The Ph.D. in Counselor Education is currently accepting applications for Fall 2019 semester. Please contact Dr. Anna Viviani at Anna.Viviani@indstate.edu with any further questions.
Indiana State University confers the degree of Doctor of Philosophy in Guidance and Psychological Services with a specialization in Counselor Education.
The mission of the Counselor Education Ph.D. (CE) program is to prepare professionals to function in the roles of educator, supervisor, leader, researcher, advocate and practitioner. The program’s approach to learning is student-centered and dedicated to student growth and development. The CE Ph.D. program is designed to build upon and extend the counseling knowledge and professional practice skills acquired through a Masters program.
Although students must meet certain program requirements, our program is sufficiently flexible for students to pursue personal career goals through a variety of training experiences such as practica, teaching, research, and community and university work experiences. Faculty members represent a broad range of professional and research interests, theoretical perspectives, and treatment modalities. This faculty diversity, the small number of students admitted each year, and the individual attention, concern, and support of our faculty allow students to participate in personalized programs geared toward individual interests, needs, and career goals.
Licensure and Certifications
Depending upon students' past graduate education and doctoral program of study, the program may prepare students for state licensure as a mental health counselor or school counselor. Accreditation through the Council for Accreditation of Counseling and Related Educational Programs (CACREP) is being evaluated to meet the changing needs of our graduates.
The doctoral program in Counselor Education prepares students to assume positions in university teaching and research, management positions in community service agencies, state and federal government agencies and private practice. The program expects students to become contributing counselor educators and administrators. Students have opportunities for sound instruction, individual study, research, and supervised fieldwork. Each student's program of study is characterized by individualized attention and planning and is based on a close working relationship with the faculty and with other students. The specific program for each student reflects that student’s experience, needs, interests, and goals. It is planned jointly by the student, advisor, and his or her doctoral committee.
To be admitted to the graduate program leading to the Ph.D. degree, you must comply with all general regulations of the School of Graduate Studies, the School of Education, and the Department of Communication Disorders and Counseling, School, and Educational Psychology. Potential students must complete an application for admission to both the School of Graduate Studies and the Department of Communication Disorders and Counseling, School, and Educational Psychology.
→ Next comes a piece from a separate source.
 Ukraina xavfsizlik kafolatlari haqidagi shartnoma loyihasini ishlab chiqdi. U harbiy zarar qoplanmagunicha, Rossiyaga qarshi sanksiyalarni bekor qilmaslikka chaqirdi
The Committee may waive one of the listed criteria if other evidence of the applicant's promise to pursue the program is presented. However, it must not be assumed that meeting minimal standards guarantees admission to the program
Admission criteria include:
- Applicants must submit official scores for the General Tests of the Graduate Record Examination (GRE) or the Miller's Analogy Test (MAT).
- GPA of 3.0 or above on all undergraduate work.
- GPA of 3.5 or above on all graduate work.
- A master's degree in Counseling or a related area.
- Career goals consistent with the profession of Counselor Education
- Applicants may be invited for a personal interview with Admissions Committee
The Committee may waive one of the above-listed criteria if other evidence of the applicant's promise to pursue the program is presented. However, it must not be assumed that meeting minimal standards guarantees admission to the program.
Degree and Graduation Requirements
A minimum of 72 semester hours of approved course work (excluding dissertation and internship credit) is required for a Ph.D. by the School of Graduate Studies. In order to meet professional preparation standards, counselor education students' programs of study often exceed 72 semester hours. The Ph.D. Degree is not granted solely on the collection of credits. A grade-point-average of 3.50 or better is required for admission to candidacy and graduation.
Students can transfer in previous graduate coursework to fill a requirement area. Traditionally, "out of date" coursework has been defined as coursework taken more than seven years before enrolling at Indiana State University. Current policy exempts all coursework taken toward a graduate degree from this definition and gives the student's doctoral committee the option to include older coursework. The Dean of the Graduate School provides final approval of schedules of study. Often, prior to organizing a committee, students have questions as to whether a course will meet a requirement. The Program Director can usually give a clear indication as to whether a course will transfer into a given slot.
Indiana State University requires graduates to exhibit research proficiency before graduation. The Department of Communication Disorders and Counseling, School, and Educational Psychology will determine standards and proficiencies in research, notifying students of these requirements early in their program of study.
Doctoral students must complete their degree within nine (9) years of enrolling, and within six (6) years of being admitted to candidacy. It should be noted that in the Department of Communication Disorders and Counseling, School, and Educational Psychology, this has never been an issue. Students typically complete their degree programs in four years, including their doctoral internship and dissertation.